7) Bill & Ted’s Excellent Cereal
Even though their second flick sucked, Bill and Ted had a crazy-ass amount of tie-ins and licensed products. Remember their cartoon? Their toyline? Their kickass albeit short-lived Marvel comic, which actually garnered an Eisner award nomination for Milk & Cheese creator Evan Dorkin? A cereal of their own was a logical step, and it was most excellent, as well. Too bad – or good, if you’re a glass-half-full type - it could be found in massive quantities at Dollar Tree stores around the summer of ’91. (Oftentimes shrinkwrapped with a “Bill & Ted Cassette Tape Case” that was shaped like their teleporting phone booth.) But like the chemistry of Reeves and Winter, “cinnamon oats with marshmallow notes” were a combination that could not be denied.
6) Oops! Choco Donuts

Apparently the good Cap’n Crunch and his slavemaster bosses at Quaker take us all for a bunch of morons. In 2001, they had an inspired idea.

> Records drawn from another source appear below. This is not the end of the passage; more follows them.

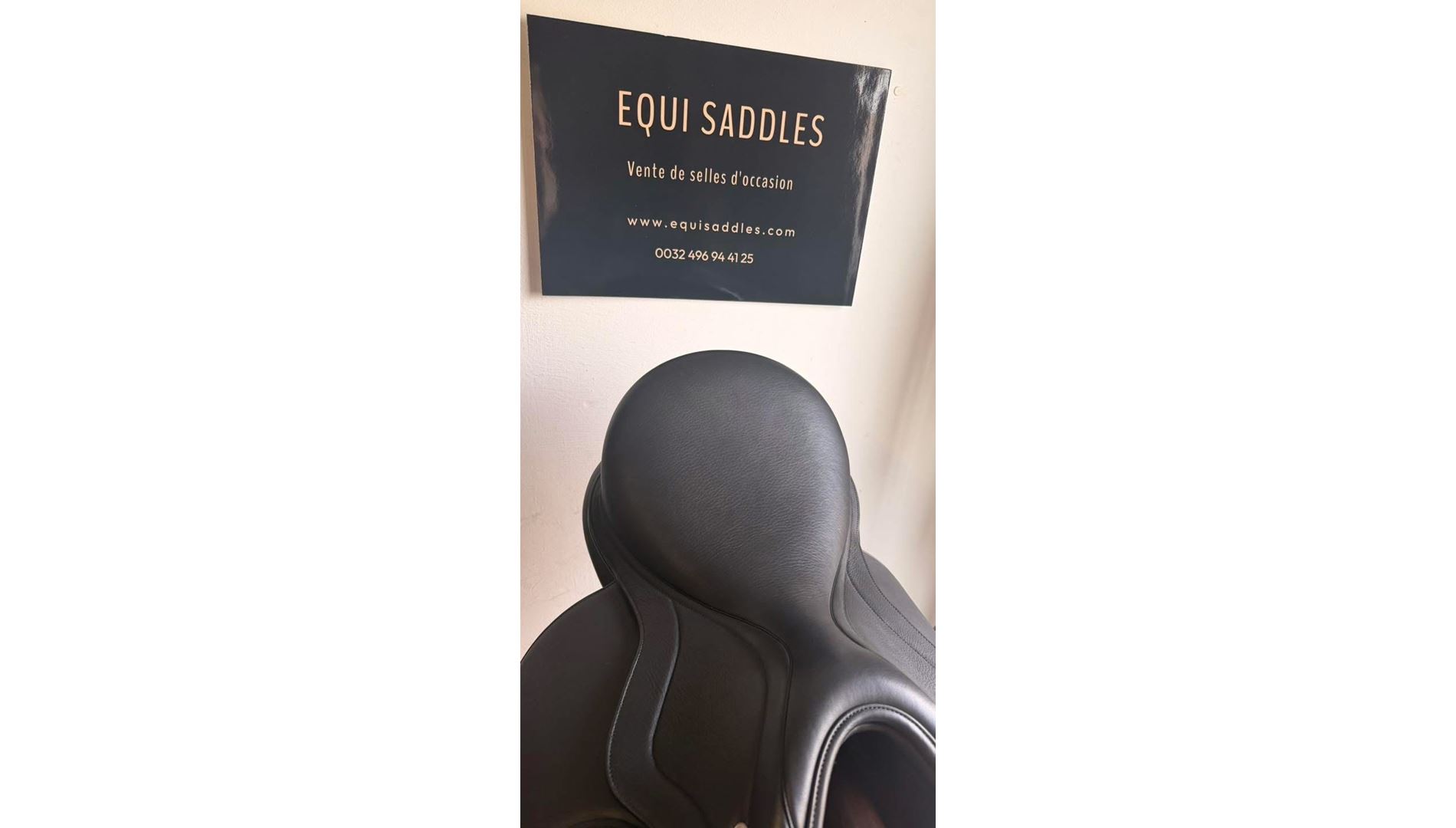 230418692  IKONIC "Evolution" Selle Dressage Quartier Veau Taquet Velcro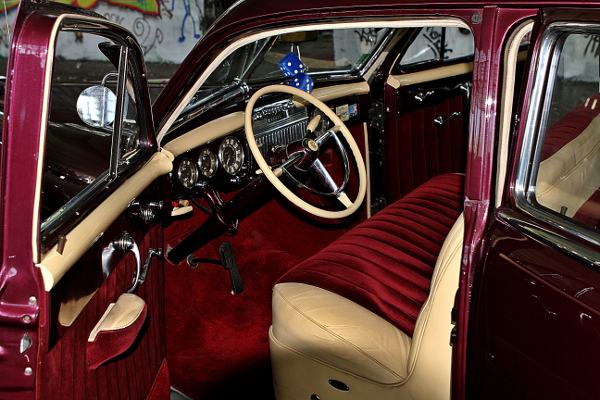 restauralt-Cadillac-Limited-1947-Series-62-kormany-mogott
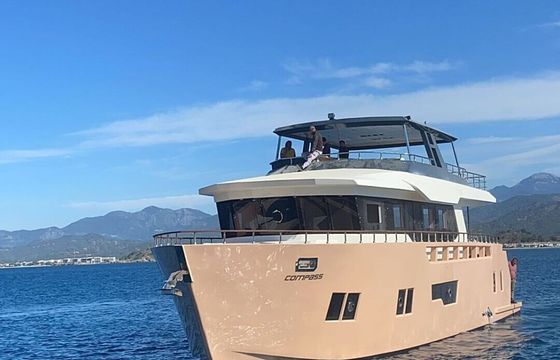 Motor yacht Custom built trawler with capacity of 8 people 2024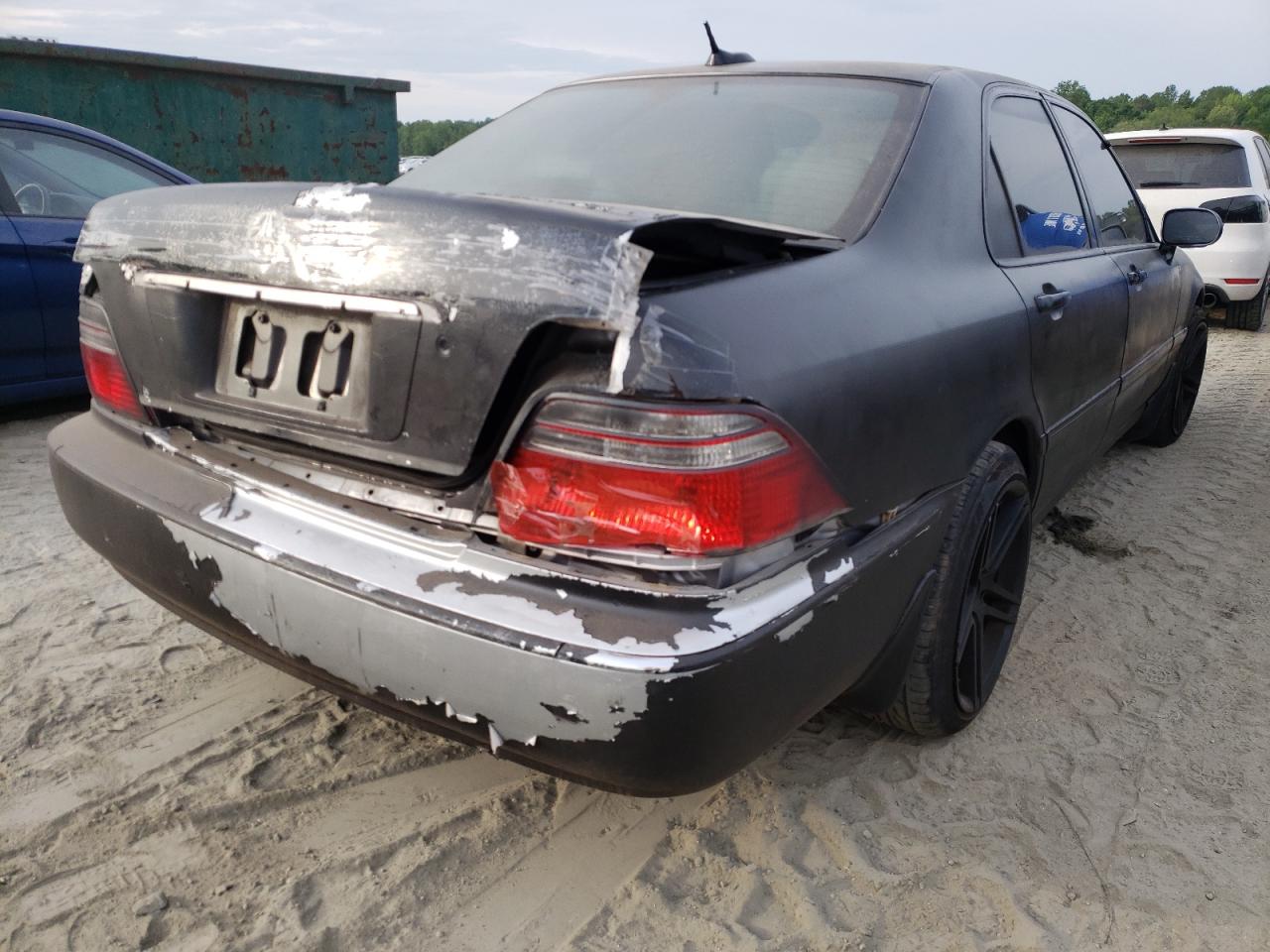Photo 4 from auction – 2004 ACURA 3.5RL with VIN JH4KA96684C001745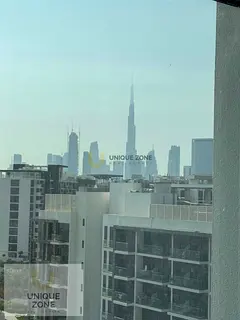 Modern 1BR | Prime Location | Pool view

A new animated commercial aired showcasing the Crunch factory at work – but do to some sort of error, boxes of the Cap’n’s Crunchberries cereal were filled with nothing BUT the berry cereal pieces. Hence, a new cereal was born: Oops! All Berries. (How many of us would eat around the regular Cap’n Crunch cereal and save those precious Crunchberrries for last, anyway?) Well, in early 2002 they tried this trick again with another new cereal, Oops! Choco Donuts. Now, are we to believe that the Cap’n somehow ACCIDENTALLY mass-produced chocolate-doughnut cereal, that his assembly lines were somehow equipped to fuck up this royally? We’d say the Cap’n deserved to be keel-hauled, but you really can’t go wrong with cereal that tastes like chocolate doughnuts. Especially when it’s given an extra layer of crunch thanks to sugar sprinkles.